The Mechanism of Action of Ethanolamine Deaminase: I. STUDIES WITH ISOTOPIC HYDROGEN AND OXYGEN

Abstract

Deuterated and tritiated ethanolamine and H218O were used to study the mechanism of the conversion of ethanolamine to acetaldehyde and ammonia catalyzed by ethanolamine deaminase, a coenzyme-B12-dependent enzyme. An isotope effect of 6.8 was shown in the deamination of deuterated ethanolamine, indicating that the rate-limiting step involves the transfer of hydrogen. However, the fact that the tritium isotope effect was only 5.8 in the face of the deuterium isotope effect of 6.8 suggested the possibility of a large secondary isotope effect in the reactions conducted with deuterated substrate. The conversion of ethanolamine to acetaldehyde was shown to take place with the transfer of hydrogen from the carbinol carbon to the amino carbon without exchange with water.

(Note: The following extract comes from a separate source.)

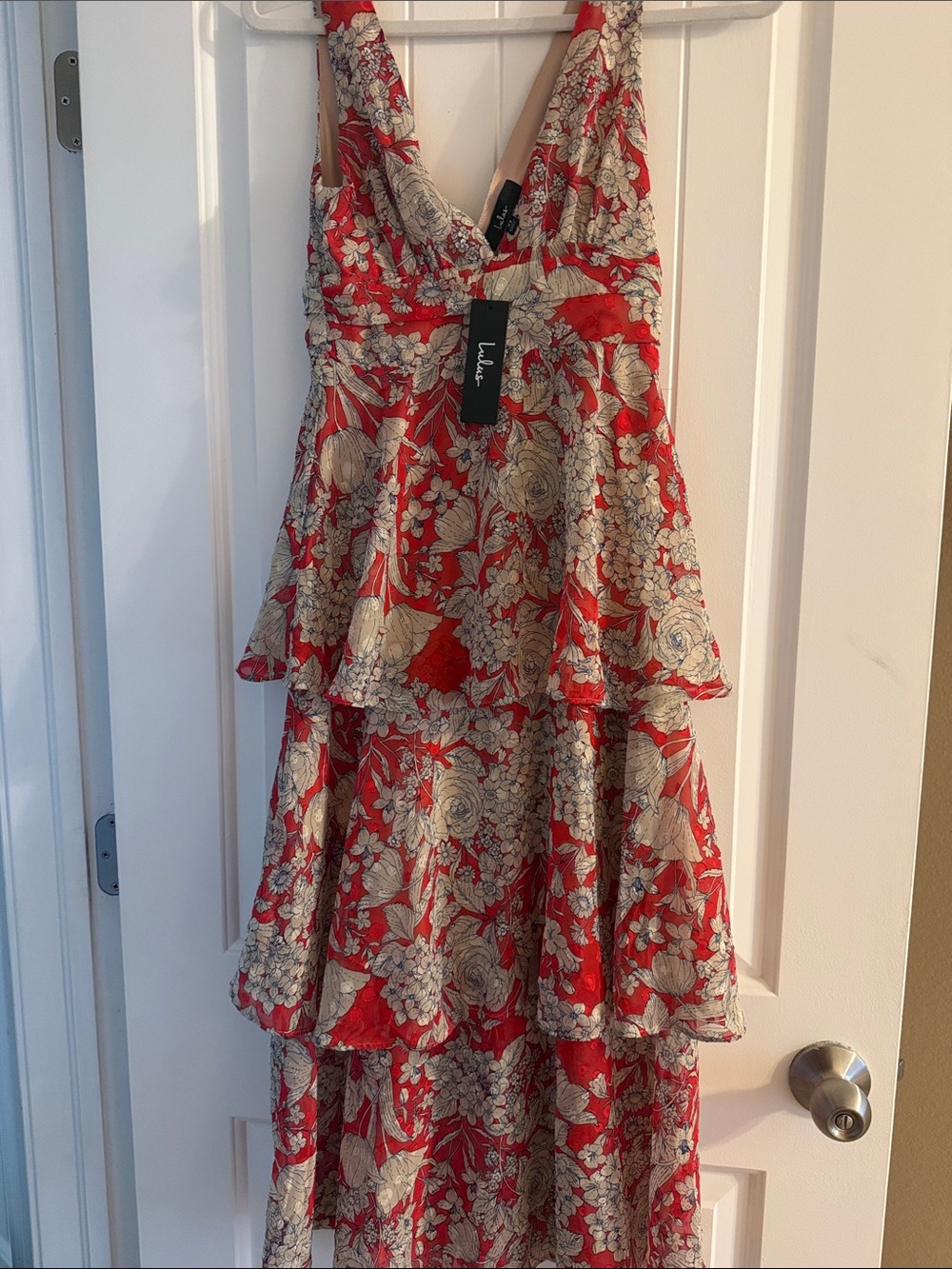 Lulu's Red and Cream Floral Tiered Deep V-Neck Dress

Both intra- and intermolecular hydrogen transfer appear to take place. Moreover, it was shown that, in carrying out this transfer, the enzyme was capable of distinguishing between the 2 hydrogen atoms on the carbinol carbon. Experiments with deuterated ethanolamine confirmed the previous observation that the carbinol carbon of the substrate becomes the carbonyl carbon of acetaldehyde. Experiments conducted in H218O showed that the oxygen atom of the substrate is retained in the product.